In the first week of June, Leith Festival Gala Day is held here. The Edinburgh Mela (since 2010) is held on the Links in late August

==Previous uses==
Historically the park contained a Victorian bandstand, a pond for model yachts, and was used for annual events such as pageants. Leith Races were held on Leith Sands at the edge of the original links.

==History==

During the Scottish Reformation, on 25 July 1559, the Protestant Lords of the Congregation made a truce with the Catholic Queen Regent, Mary of Guise, at the Links, who agreed to vacate Holyroodhouse and leave Edinburgh.

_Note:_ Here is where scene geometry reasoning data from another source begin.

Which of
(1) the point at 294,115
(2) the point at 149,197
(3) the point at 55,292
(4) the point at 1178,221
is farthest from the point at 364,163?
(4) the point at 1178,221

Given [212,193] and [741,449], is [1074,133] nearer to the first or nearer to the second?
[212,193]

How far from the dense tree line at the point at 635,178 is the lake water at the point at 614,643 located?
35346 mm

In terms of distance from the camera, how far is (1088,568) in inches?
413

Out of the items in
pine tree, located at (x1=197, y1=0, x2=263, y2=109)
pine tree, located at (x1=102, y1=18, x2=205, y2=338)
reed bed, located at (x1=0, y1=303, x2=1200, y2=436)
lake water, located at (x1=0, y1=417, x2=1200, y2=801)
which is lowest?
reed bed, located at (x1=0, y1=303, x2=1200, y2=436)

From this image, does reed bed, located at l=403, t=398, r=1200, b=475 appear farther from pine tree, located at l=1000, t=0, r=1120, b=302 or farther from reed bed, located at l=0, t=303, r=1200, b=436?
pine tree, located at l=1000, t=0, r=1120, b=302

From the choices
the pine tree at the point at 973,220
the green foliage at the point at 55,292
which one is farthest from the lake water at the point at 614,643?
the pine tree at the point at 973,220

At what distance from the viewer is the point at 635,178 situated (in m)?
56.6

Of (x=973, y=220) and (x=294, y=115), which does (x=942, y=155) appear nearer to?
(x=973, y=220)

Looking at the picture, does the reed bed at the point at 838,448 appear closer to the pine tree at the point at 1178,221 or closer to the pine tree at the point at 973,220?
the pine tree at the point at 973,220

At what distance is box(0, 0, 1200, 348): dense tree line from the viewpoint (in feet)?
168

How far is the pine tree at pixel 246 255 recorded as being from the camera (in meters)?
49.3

During the Siege of Leith in 1560, English and Scottish troops made use of the area to create siege trenches. Two mounds on Leith Links, known as "Giant's Brae" and "Lady Fyfe's Brae", identified on later maps as "Somerset's Battery" and "Pelham's Battery" respectively, are scheduled monuments as artillery mounds created for the siege in April 1560. However, a contemporary map at Petworth shows that Pelham's Battery was built on the slope to the south of Leith Links and Somerset's battery was located adjacent to the present Pilrig House. The tradition that these two batteries were on the Links goes no further back than Campbell's "History of Leith" published in 1827. Lent authority by the Ordnance Survey 1852, the identification saved the mounds in 1888 when several other hillocks were removed during landscaping.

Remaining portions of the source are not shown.